The effect of our imagined variation in history depends critically on what we
take ‘other things being equal’ to mean. And that is irreducibly ambiguous,
for there are infinitely many ways of imagining a state of affairs prior to 1830
which would have led to Faraday’s death in that year. Some of those would
undoubtedly have led to faster technological progress, and some to slower.
Which of them are we referring to in the ‘
if…then …’ statement? Which
counts as ‘other things being equal’? Try as we may, we shall not succeed in
resolving this ambiguity within spacetime physics. There is no avoiding the
fact that in spacetime exactly one thing happens in reality, and everything
else is fantasy.
We are forced to conclude that, in spacetime physics, conditional statements
whose premise is false (‘if Faraday had died in 1830 …’) have no meaning.

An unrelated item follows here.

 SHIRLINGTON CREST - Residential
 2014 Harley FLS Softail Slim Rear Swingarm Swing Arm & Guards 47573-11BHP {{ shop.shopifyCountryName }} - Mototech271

Logicians call such statements 
counter-factual conditionals, and their status
is a traditional paradox. We all know what such statements mean, yet as
soon as we try to state their meaning clearly it seems to evaporate. The
source of this paradox is not in logic or linguistics, it is in physics — in the
false physics of spacetime. Physical reality is not a spacetime. It is a much
bigger and more diverse entity, the 
multiverse. To a first approximation the
multiverse is like a very large number of co-existing and slightly interacting
spacetimes. If spacetime is like a stack of snapshots, each snapshot being
the whole of space at one moment, then the multiverse is like a vast
collection of such stacks. Even this (as we shall see) slightly inaccurate
picture of the multiverse can already accommodate causes and effects. For
in the multiverse there are almost certainly some universes in which Faraday
died in 1830, and it is a matter of fact (not observable fact, but objective fact
none the less) whether technological progress in those universes was or was
not delayed relative to our own. There is nothing arbitrary about which
variants of our universe the counter-factual ‘if Faraday had died in 1830…’
refers to: it refers to 
the variants which really occur somewhere in the
multiverse. That is what resolves the ambiguity. Appealing to imaginary
universes does not work, because we can imagine any universes we like, in
any proportions we like. But in the multiverse, universes are present in
definite proportions, so it is meaningful to say that certain types of event are
‘very rare’ or ‘very common’ in the multiverse, and that some events follow


others ‘in most cases’. Most logically possible universes are not present at
all — for example, there are no universes in which the charge on an electron
is different from that in our universe, or in which the laws of quantum physics
do not hold. The laws of physics that are implicitly referred to in the counter-
factual are the laws that are actually obeyed in other universes, namely the
laws of quantum theory. Therefore the 
‘if… then’ statement can
unambiguously be taken to mean ‘in most universes in which Faraday died
in 1830, technological progress was delayed relative to our own’. In general
we may say that an event X causes an event Y in our universe if both X and
Y occur in our universe, but in most variants of our universe in which X does
not happen, Y does not happen either.
If the multiverse were literally a collection of spacetimes, the quantum
concept of time would be the same as the classical one. As Figure 11.6
shows, time would still be a sequence of moments. The only difference
would be that at a particular moment in the multiverse, many universes
would exist instead of one. Physical reality at a particular moment would be,
in effect, a ‘super-snapshot’ consisting of snapshots of many different
versions of the whole of space. The whole of reality for the whole of time
would be the stack of all the super-snapshots, just as classically it was a
stack of snapshots of space. Because of quantum interference, each
snapshot would no longer be determined entirely by previous snapshots of
the same spacetime (though it would approximately, because classical
physics is often a good approximation to quantum physics). But the super-
snapshots beginning with a particular moment would be entirely and exactly
determined by the previous super-snapshots. This complete determinism
would not give rise to complete predictability, even in principle, because
making a prediction would require a knowledge of what had happened in all
the universes, and each copy of us can directly perceive only one universe.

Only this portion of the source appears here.